First a little background. I'm doing the San Diego Sierra Club Wilderness Basics Course, and there are 4 camping weekends. This past weekend was the third: Desert and Mountain Backpacking. The prior one in J-Tree gets its own mention (we got snowed on), but since the shellacking is so fresh in me, I am inspired to write.
After hearing lots of tales and urban lore of this guy Steve and his crazy ass hikes, we thought we'd see what all the fuss is about. Steve is a 10 year old in a 40-something year old body, and is crazy, hilarious and a little "cuckoo". This says a lot. Trust me.

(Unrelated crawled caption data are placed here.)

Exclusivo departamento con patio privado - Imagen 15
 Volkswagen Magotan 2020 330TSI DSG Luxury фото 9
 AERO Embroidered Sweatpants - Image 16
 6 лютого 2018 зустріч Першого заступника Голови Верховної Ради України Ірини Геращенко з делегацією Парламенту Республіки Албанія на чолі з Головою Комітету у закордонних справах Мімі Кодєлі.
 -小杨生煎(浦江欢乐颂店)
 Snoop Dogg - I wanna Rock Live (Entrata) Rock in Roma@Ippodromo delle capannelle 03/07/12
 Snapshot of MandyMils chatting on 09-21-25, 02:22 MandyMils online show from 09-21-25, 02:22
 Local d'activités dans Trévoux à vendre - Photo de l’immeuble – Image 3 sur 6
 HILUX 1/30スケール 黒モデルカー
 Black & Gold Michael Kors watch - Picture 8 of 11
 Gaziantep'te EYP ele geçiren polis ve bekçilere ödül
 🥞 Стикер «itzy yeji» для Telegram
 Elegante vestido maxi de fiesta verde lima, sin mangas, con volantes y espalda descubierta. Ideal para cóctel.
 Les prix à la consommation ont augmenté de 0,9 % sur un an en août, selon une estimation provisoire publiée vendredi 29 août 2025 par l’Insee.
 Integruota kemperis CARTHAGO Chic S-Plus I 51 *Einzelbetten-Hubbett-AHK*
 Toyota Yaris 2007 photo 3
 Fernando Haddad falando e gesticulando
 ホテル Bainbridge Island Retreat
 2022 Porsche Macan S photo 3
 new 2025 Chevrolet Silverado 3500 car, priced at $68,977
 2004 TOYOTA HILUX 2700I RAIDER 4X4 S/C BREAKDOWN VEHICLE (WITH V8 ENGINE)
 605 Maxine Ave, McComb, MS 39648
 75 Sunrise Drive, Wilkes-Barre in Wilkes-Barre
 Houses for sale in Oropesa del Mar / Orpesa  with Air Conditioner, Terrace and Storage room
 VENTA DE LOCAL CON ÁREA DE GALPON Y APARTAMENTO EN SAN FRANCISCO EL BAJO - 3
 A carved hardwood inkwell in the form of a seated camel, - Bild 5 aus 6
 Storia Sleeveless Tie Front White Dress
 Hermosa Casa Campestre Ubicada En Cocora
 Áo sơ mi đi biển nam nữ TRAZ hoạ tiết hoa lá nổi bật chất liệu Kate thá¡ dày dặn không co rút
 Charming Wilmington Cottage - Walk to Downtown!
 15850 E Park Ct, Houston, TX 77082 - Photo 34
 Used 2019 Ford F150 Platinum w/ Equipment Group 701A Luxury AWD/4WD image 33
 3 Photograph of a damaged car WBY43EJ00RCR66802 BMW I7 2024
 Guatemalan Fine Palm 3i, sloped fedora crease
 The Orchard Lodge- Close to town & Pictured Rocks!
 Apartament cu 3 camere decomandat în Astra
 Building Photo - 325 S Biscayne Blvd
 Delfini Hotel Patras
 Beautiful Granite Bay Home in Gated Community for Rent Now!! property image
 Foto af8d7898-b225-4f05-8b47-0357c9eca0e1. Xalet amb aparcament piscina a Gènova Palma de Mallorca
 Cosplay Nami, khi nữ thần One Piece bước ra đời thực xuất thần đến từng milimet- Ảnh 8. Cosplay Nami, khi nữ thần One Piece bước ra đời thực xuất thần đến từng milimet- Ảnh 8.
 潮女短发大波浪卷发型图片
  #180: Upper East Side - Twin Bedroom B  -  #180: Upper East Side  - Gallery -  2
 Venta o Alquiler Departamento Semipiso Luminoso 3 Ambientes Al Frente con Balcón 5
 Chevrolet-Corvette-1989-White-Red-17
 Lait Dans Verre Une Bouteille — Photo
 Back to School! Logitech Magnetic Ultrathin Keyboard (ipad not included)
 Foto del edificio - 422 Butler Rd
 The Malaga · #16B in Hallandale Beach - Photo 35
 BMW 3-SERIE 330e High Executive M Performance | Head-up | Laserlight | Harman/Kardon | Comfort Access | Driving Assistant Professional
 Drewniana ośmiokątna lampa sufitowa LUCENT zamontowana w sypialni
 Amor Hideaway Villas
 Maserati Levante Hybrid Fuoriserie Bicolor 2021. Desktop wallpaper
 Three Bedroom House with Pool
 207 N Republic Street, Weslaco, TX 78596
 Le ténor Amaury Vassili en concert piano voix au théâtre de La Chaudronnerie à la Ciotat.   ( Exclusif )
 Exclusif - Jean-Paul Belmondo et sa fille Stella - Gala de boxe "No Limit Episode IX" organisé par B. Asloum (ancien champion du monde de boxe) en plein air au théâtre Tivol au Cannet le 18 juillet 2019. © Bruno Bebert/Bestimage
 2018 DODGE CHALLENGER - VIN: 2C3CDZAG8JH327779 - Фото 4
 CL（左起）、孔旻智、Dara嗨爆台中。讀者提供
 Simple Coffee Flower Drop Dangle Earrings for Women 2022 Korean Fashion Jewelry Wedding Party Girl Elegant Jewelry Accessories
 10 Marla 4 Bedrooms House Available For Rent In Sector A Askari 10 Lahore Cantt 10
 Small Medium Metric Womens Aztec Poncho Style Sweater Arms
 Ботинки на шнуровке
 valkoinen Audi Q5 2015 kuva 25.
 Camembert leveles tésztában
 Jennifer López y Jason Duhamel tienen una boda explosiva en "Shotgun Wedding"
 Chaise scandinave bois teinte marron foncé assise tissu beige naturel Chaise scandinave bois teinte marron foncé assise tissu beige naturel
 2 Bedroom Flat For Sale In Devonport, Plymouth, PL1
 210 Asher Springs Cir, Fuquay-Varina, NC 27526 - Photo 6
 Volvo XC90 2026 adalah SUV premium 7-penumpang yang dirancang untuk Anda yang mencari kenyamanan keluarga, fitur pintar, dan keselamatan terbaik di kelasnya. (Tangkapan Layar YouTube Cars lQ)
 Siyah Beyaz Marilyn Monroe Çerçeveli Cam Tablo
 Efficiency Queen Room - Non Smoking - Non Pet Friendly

The hike was advertised as a 7 mile hike up to Villager Peak (5750 ft), but all of that elevation gain would be in "about 5 or 6 miles" after scramble across the desert floor. After doing the math, that's an average 16-18% grade for a long time. Most of you fit athletes reading that are probably barely raising an eye at grades like that that you eat for breakfast. The challenge however lies in things like couple pound, higher-than-ankle hiking boots, and about 40 lbs of backpacking gear resting on your hips & back. For the endurance-athlete-learning-mountaineering, it's an adjustment (but much welcomed)! Additionally, it was a game time decision early Saturday morning (4:30am) since I left work early on Friday due to illness and was unsure if I could be "up" to the challenge.
Note: All pictures don't even come close to doing the justice.
The main ridge line (not including the summit), as seen from Borrego Springs:
... and from the base:
While there is no path in this Google Earth image, if you follow the little green icons from my car, to the one in the top left (the peak), that's pretty much the path we took:
One funny moment from the hike, I overheard this one woman say "... it takes them about 9 days to finish the thing, and they usually sleep about 2 hours a night...". I immediately jumped in and said "Oh, you must be talking about those crazy solo guys doing the Race Across America." Of course she was! She was reading a book about RAAM, and that led to a pretty fun conversation about strategy, pacing, not sleeping, and how doing RAAM on a team any less than 8 is psychotic! :)
By the time we stopped for lunch, I knew I was in trouble. It was 80 degrees in the desert, I wasn't thirsty, I wasn't really hungry, and I had cold sweats. I got kinda quiet, brooded and just kinda slipped into my own little pain cave. Right after lunch, we tackled this gnarly climb, and were greeted with some serious drops off to the left. This was right around the time the wind went from a nice, gentle cooling breeze to 20mph gusts. Perfect timing.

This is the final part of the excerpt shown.